The 39th Annual Phi Delta Kappa/Gallup poll on attitudes toward public schools is out today and it focuses primarily on NCLB. The headline Poll Finds Rise in Unfavorable Views of NCLB tells the story in a nutshell. Andrew Trotter’s story lays out the details, documenting how public support for the law has declined gradually since 2003. NCLB critics say the public attitudes mirror their own complaints about the law. (See here and here.)
On the Reading First beat, Kathleen Kennedy Manzo delivers two reports. Federal Reading Review Overlooks Popular Text explains that the What Works Clearinghouse found that the best-selling reading programs for the early grades did not have the kinds of rigorous studies required to be included in the review.

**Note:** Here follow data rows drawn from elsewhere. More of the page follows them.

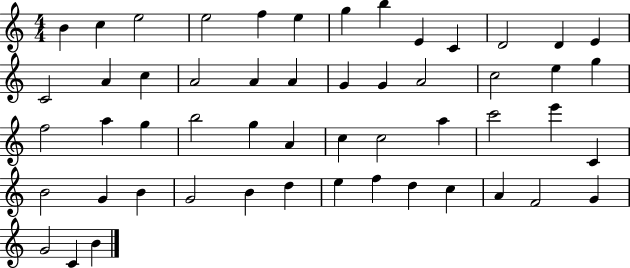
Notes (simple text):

B4/q C5/q E5/h E5/h F5/q E5/q G5/q B5/q E4/q C4/q D4/h D4/q E4/q C4/h A4/q C5/q A4/h A4/q A4/q G4/q G4/q A4/h C5/h E5/q G5/q F5/h A5/q G5/q B5/h G5/q A4/q C5/q C5/h A5/q C6/h E6/q C4/q B4/h G4/q B4/q G4/h B4/q D5/q E5/q F5/q D5/q C5/q A4/q F4/h G4/q G4/h C4/q B4/q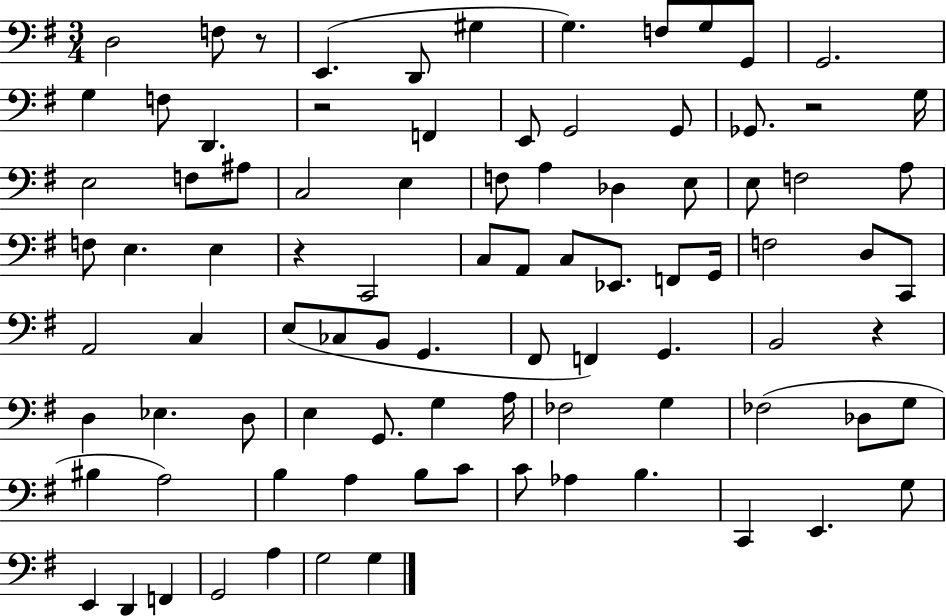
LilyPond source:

{
  \clef bass
  \numericTimeSignature
  \time 3/4
  \key g \major
  d2 f8 r8 | e,4.( d,8 gis4 | g4.) f8 g8 g,8 | g,2. | \break g4 f8 d,4. | r2 f,4 | e,8 g,2 g,8 | ges,8. r2 g16 | \break e2 f8 ais8 | c2 e4 | f8 a4 des4 e8 | e8 f2 a8 | \break f8 e4. e4 | r4 c,2 | c8 a,8 c8 ees,8. f,8 g,16 | f2 d8 c,8 | \break a,2 c4 | e8( ces8 b,8 g,4. | fis,8 f,4) g,4. | b,2 r4 | \break d4 ees4. d8 | e4 g,8. g4 a16 | fes2 g4 | fes2( des8 g8 | \break bis4 a2) | b4 a4 b8 c'8 | c'8 aes4 b4. | c,4 e,4. g8 | \break e,4 d,4 f,4 | g,2 a4 | g2 g4 | \bar "|."
}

In Reading Results Hard to Translate, Panel Concludes, Manzo says that researchers on a Reading First advisory panel can’t judge the effectiveness of the program based on existing state data. (That’s the same data that Bush administration officials put forward earlier this year as proof of the program’s effectiveness.)
In Suit Contests ‘Loophole’ for Alternate Paths, Vaishali Honowar lays out the argument on the teacher quality lawsuit I wrote about here. She includes a “no comment” from a Department of Education spokeswoman.
In the Commentary section, Bruce Fuller’s The Democrats’ ‘No Child’ Divide’ recounts Democrats’ summer of discontent over NCLB. He quotes liberally from leading presidential candidates. He adds, though, that the 42 rookie Democrats also hold the key to reauthorization because they represent the moderate districts Democrats must retain to keep their House majority.
It’ll be interesting to hear what those first-termers have to say about yesterday’s news.